Guide complet • Mis à jour juillet 2026

Imposition assurance vie succession : barème 2026

Imposition assurance vie succession : barème 2026, abattements avant/après 70 ans, exemples de calcul et démarches fiscales.

Par FRANCE SUCCESSIONMis à jour le 12 min de lecture
Imposition assurance vie succession : barème 2026

Mis à jour le 6 juillet 2026.

L’assurance vie n’est pas imposée comme une succession classique dans la plupart des cas. C’est précisément ce qui rend le sujet difficile : il existe un régime spécifique, mais ce régime change selon la date du contrat, l’âge au moment des versements, le bénéficiaire et parfois le domicile fiscal.

La question n’est donc pas seulement “l’assurance vie est-elle hors succession ?”. La vraie question est : quelle part du capital transmis entre dans quel régime fiscal ?

Pour replacer ce guide dans l’ensemble du sujet, consultez aussi la page pilier assurance-vie et succession.

Comment sont imposées les assurances vie en cas de décès ?

En cas de décès de l’assuré, le capital d’assurance vie est versé aux bénéficiaires désignés dans la clause bénéficiaire. Selon impots.gouv.fr, les sommes perçues sont en principe traitées hors succession, mais elles restent imposables selon des règles propres.

Trois critères dominent le calcul :

  1. la date de souscription du contrat ;
  2. la date des versements ;
  3. l’âge de l’assuré au moment de chaque versement.

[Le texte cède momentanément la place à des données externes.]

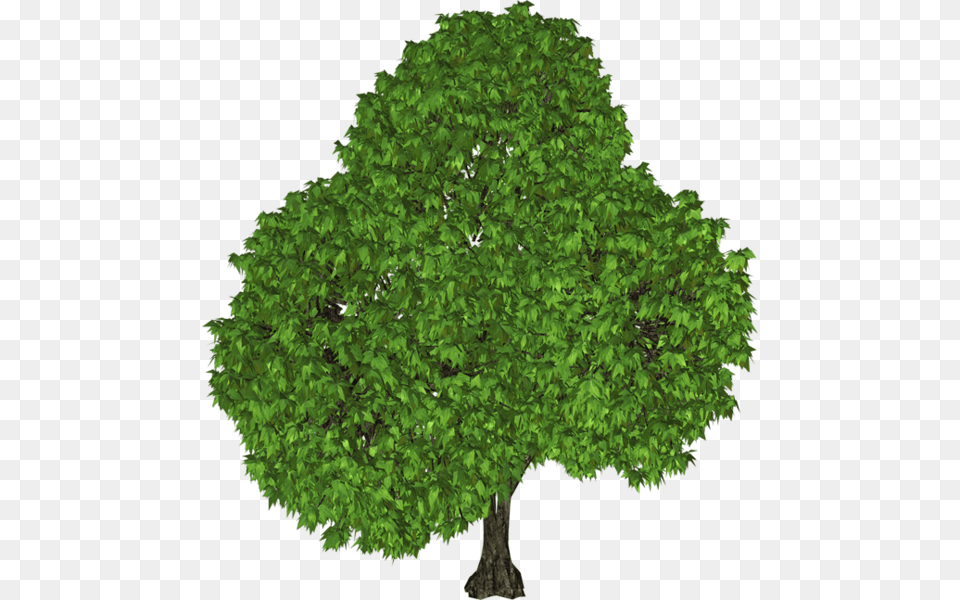 Tree, Oak, Plant, Sycamore, Green Png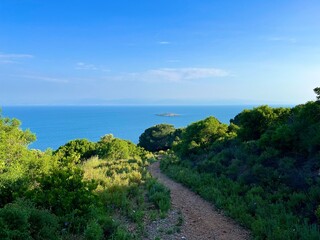 blue sea in the grass background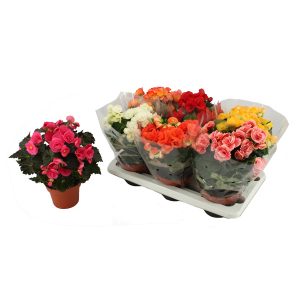 Бегония микс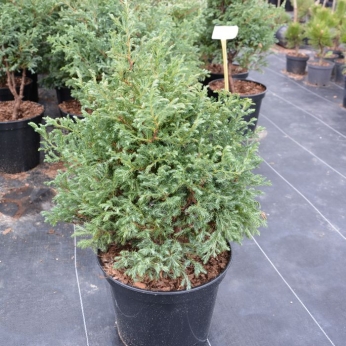 Cyprysik groszkowy - BOULEVARD - Chamaecyparis pisifera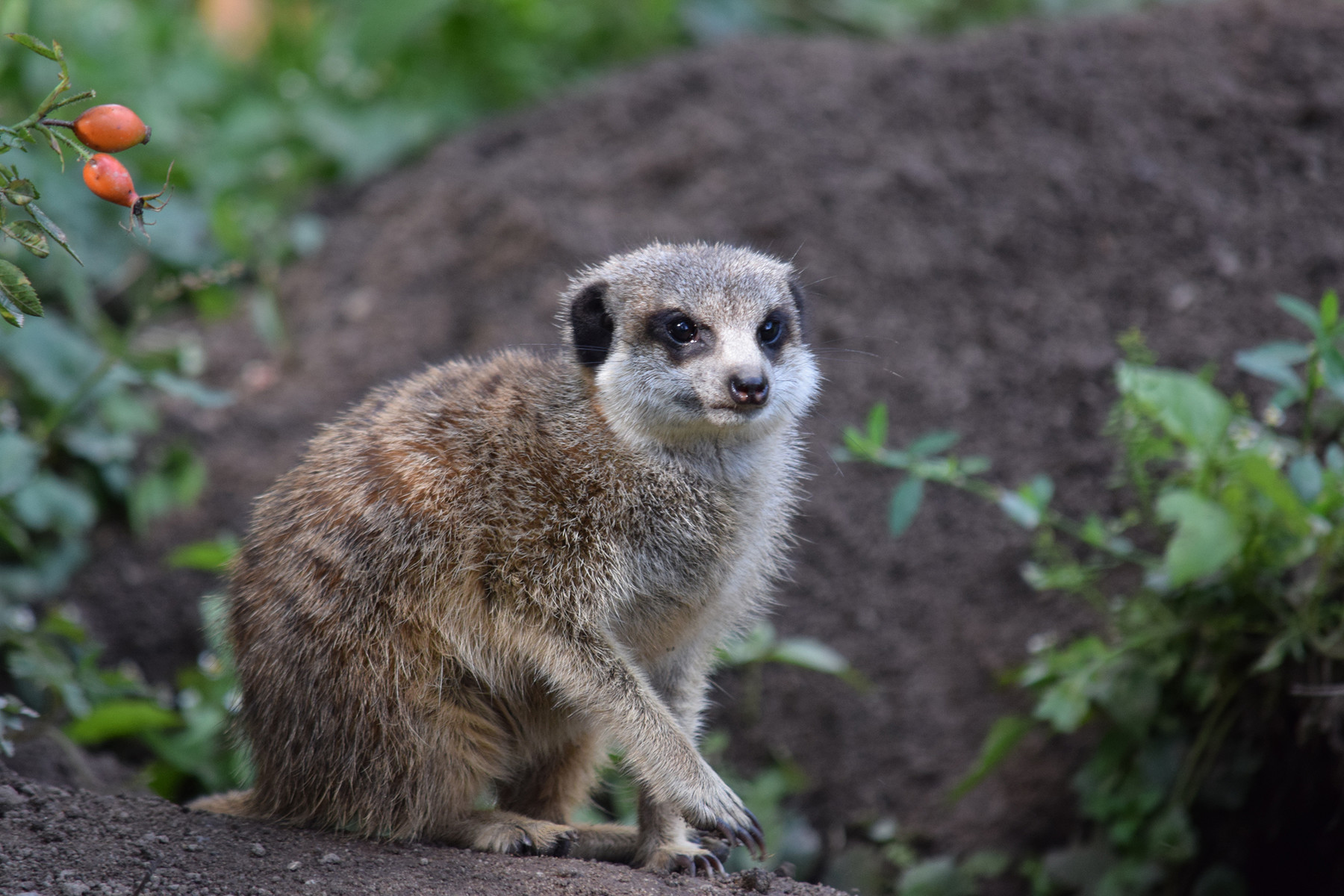 ArtStation - Reference: Animal Pack Two 500 | Resources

Le critère le plus important en pratique est l’âge de 70 ans. Les versements effectués avant 70 ans relèvent généralement d’un prélèvement spécifique après un abattement par bénéficiaire. Les versements effectués après 70 ans relèvent des droits de succession classiques, mais seulement pour la fraction de primes qui dépasse l’abattement global.

Le conjoint survivant marié et le partenaire de Pacs bénéficiaire sont dans une situation à part. Ils sont exonérés de droits de succession et de prélèvement spécifique au décès, comme le rappelle l’administration fiscale. Certains frères et soeurs peuvent aussi être exonérés, mais seulement s’ils remplissent les conditions légales de cohabitation, d’âge, de situation familiale ou d’invalidité.

Tableau fiscalité assurance-vie succession après 70 ans et avant 70 ans

Voici le tableau à utiliser pour identifier le bon régime. Il reprend les seuils applicables au 6 juillet 2026, d’après les règles rappelées par impots.gouv.fr sur la déclaration d’une assurance vie au décès.

Situation Abattement Imposition après abattement Point de vigilance
Primes versées avant 70 ans, régime courant 152 500 € par bénéficiaire 20 % jusqu’à 700 000 € de part taxable, puis 31,25 % au-delà L’abattement s’apprécie par bénéficiaire, tous contrats du même assuré confondus.
Primes versées après 70 ans 30 500 € global Droits de succession selon le lien de parenté, sur les primes excédentaires L’abattement est partagé entre tous les bénéficiaires.
Contrat souscrit avant le 20 novembre 1991 Régime historique possible Exonération possible selon dates de versements Vérification au cas par cas, surtout si le contrat a été modifié.
Primes versées jusqu’au 12 octobre 1998 Régime plus favorable possible Exonération possible selon contrat et âge Les contrats anciens doivent être relus avec l’assureur ou le notaire.
Bénéficiaire conjoint ou partenaire de Pacs Exonération Aucun droit successoral sur le capital reçu L’exonération ne vaut pas pour un concubin non pacsé. Certains frères et soeurs peuvent aussi être exonérés sous conditions strictes.
Absence de bénéficiaire désigné Pas de régime hors succession Capital intégré à la succession La clause bénéficiaire devient décisive.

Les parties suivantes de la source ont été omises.